The Connecticut General Assembly has held four hearings over the last three weeks on proposed legislation to legalize recreational marijuana, though time may be running short in Hartford as a legislative deadline approaches.
The Appropriations Committee held a hearing on a legalization bill last Thursday, and the Finance, Revenue and Bonding Committee on Tuesday considered a bill that would allow the state to levy taxes on marijuana should it be legalized. Before that, the General Law Committee and the Judiciary Committee each held a hearing on seperate bills that would also legalize marijuana. The General Law Committee rejected its measure in a 6–11 vote while the Judiciary Committee will not vote on its bill this session. The two committees currently considering their respective bills now have a few more days to vote on their proposals before the deadline for forwarding legislation to the entire Assembly, which votes only on bills that have cleared committee.

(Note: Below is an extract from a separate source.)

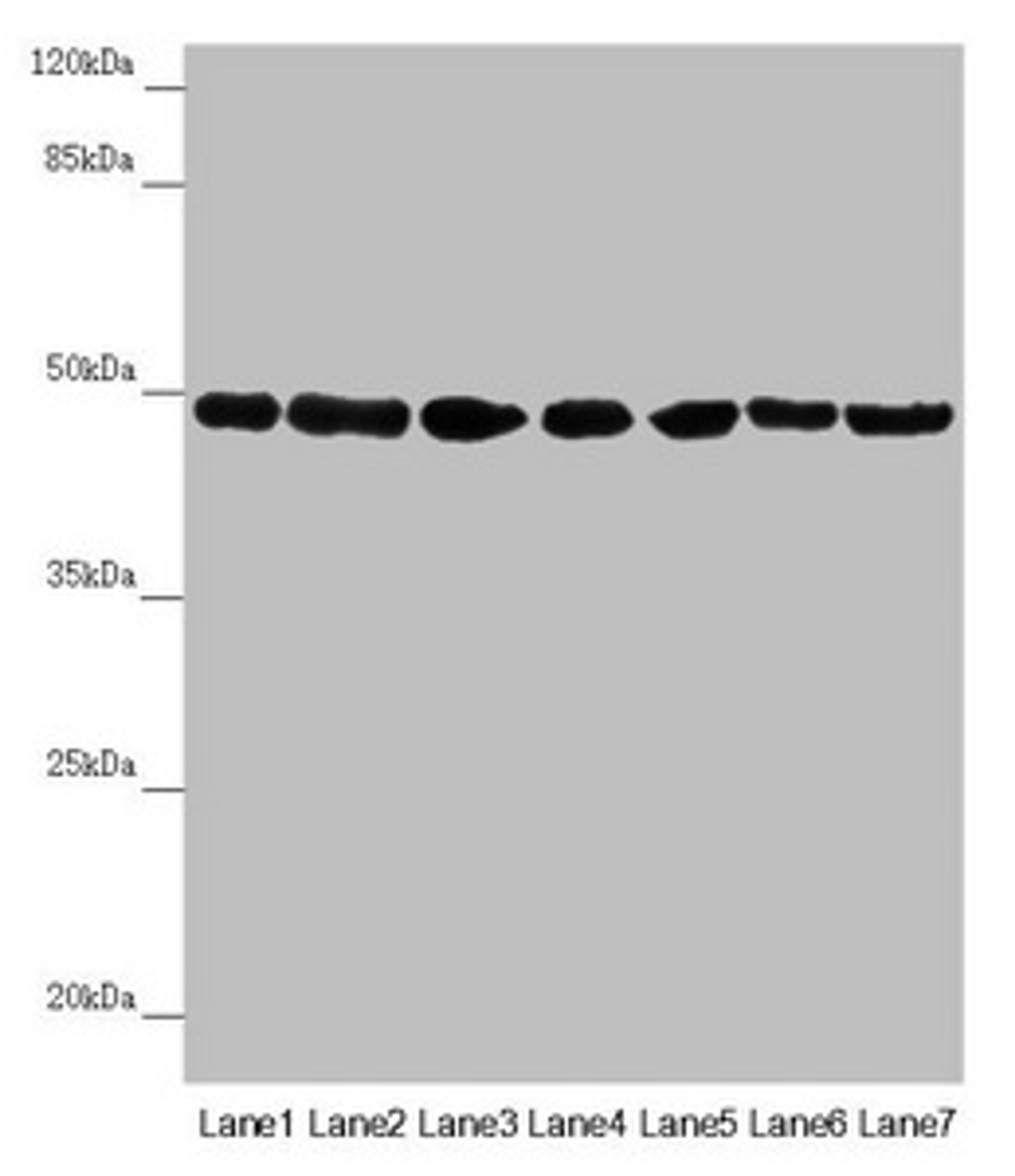 Western blot. All lanes: UQCRC2 antibody at 2.95µg/ml. Lane 1: Human placenta tissue. Lane 2: Mouse large intestine tissue. Lane 3: Mouse small intestine tissue. Lane 4: Mouse brain tissue. Lane 5: HepG2 whole cell lysate. Lane 6: Jurkat whole cell lysate. Lane 7: 293T whole cell lysate. Secondary. Goat polyclonal to rabbit IgG at 1/10000 dilution. Predicted band size: 48 kDa. Observed band size: 48 kDa
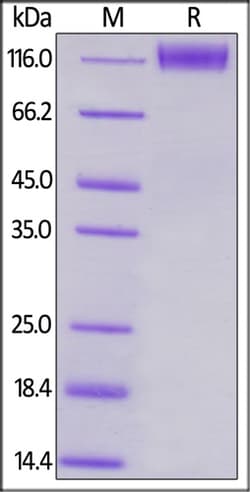 ACROBiosystems ACROBiosystems Human CD96 / TACTILE Protein, Mouse IgG2a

The four hearings featured people from an array of backgrounds, varying in expertise and with a range of opinions. There were doctors, advocates, lawyers, industry leaders, community prevention specialists and ordinary citizens.
With no clear consensus among the testifiers, state Rep. Melissa Ziobron, R-East Hampton, was visibly vexed at one point by a hail of competing statistics from both sides.
“There are clearly two camps here, and each of them pull out studies to suit their narratives,” Ziobron said. “I just want to state on the record that there are lots of studies people can throw around.”
Ziobron, who supports marijuana legalization, went on to highlight that the bill would legalize marijuana use only for people over the age of 21 and would strengthen underage marijuana enforcement in response to arguments that legalization would encourage marijuana use among teenagers.
The bill’s opponents were less convinced. William Huhn, spokesman for CT Smart Approaches to Marijuana, said that legalization would give teenagers the false impression that it is safe and acceptable to use marijuana, contributing to higher abuse rates. Yale psychiatry professor Deepak D’Souza also testified against the legislation, saying that marijuana use damages adolescent brains, including adversely affecting memory and IQ. Huhn also cited a report that shows marijuana use among both adolescents and adults increased when Colorado legalized marijuana in 2012, which was commissioned by the federal Rocky Mountain HIDTA Strategic Intelligence Unit task force.
“We worry so much about protecting our children that it is illegal to leave them in the car outside a drug store for three minutes, yet we completely tolerate widespread substance abuse by kids,” Huhn said.
Supporters of legalization argued that much of the data used by opponents of legalization are methodically flawed. Sam Tracy, executive director of Connecticut Coalition to Regulate Marijuana, said legalization would actually allow the government to better regulate the marijuana market and divert users away from illicit drug dealers, who currently dominate the market. People who start purchasing marijuana from drug dealers may later be introduced to more dangerous substances such as heroin and cocaine, Tracy said.
“The medical profession has a philosophy of ‘first do no harm,’” he said. “But the current law is really causing more harms than benefits.”
Many other studies have shown that Colorado has increased its tax revenues while reducing its drug abuse rates since legalization, Tracy said. Considering Connecticut’s growing budget deficit, he said, legalization would be a good way to generate much-needed revenue for the state.
Others honed in on the futility of prohibition. State Rep. Joshua Elliott, D-Hamden, noted that legal marijuana sales will begin in Massachusetts this July, so Connecticut residents will be able to drive across the state border to purchase marijuana with impunity. So if Connecticut does not legalize the substance, all the potential revenue will flow to Massachusetts, he said, while Connecticut stands to deal with all the repercussions of marijuana misuse.
Still, others expressed support for the bill but made recommendations to improve the legislation. Aaron Romano, who represented the Connecticut Criminal Defense Lawyers Associations before the Judiciary Committee, told the News that legalization would help to remedy the racial injustice induced by marijuana laws, which have been enforced unevenly across racial groups. Romano suggested that the legislation should, among other things, erase criminal records for people convicted of possessing or selling cannabis and dismiss pending charges related to cannabis offenses. Although Connecticut already decriminalized possession of small amounts of marijuana in 2011, Romano noted that many judges are still reluctant to overturn marijuana convictions.
“We need to build this into the system,” Romano said.
And Henry Talmage, executive director of the Connecticut Farm Bureau, recommended that the bill ease marijuana licensing standards to level the playing field for small farmers. According to Talmage, marijuana production has been dominated by wealthy individuals and corporations ever since the state legalized medical marijuana in 2012.
Although time is limited in this year’s legislative session and Gov. Dannel Malloy is skeptical about the idea, proponents are optimistic about their chances of success in the near future, given that 71 percent of Connecticut residents favor legalization, according to a 2017 Sacred Heart University poll.
“Almost every single Democrat running for governor supports this, and we even have Republicans who are open to this issue too,” Tracy said. “If they don’t pass it this year, I think there is a very good chance, almost inevitability, that we will pass it in the next three.”
Recreational cannabis is now legal in eight states. Only one of them, Vermont, legalized it through legislative actions.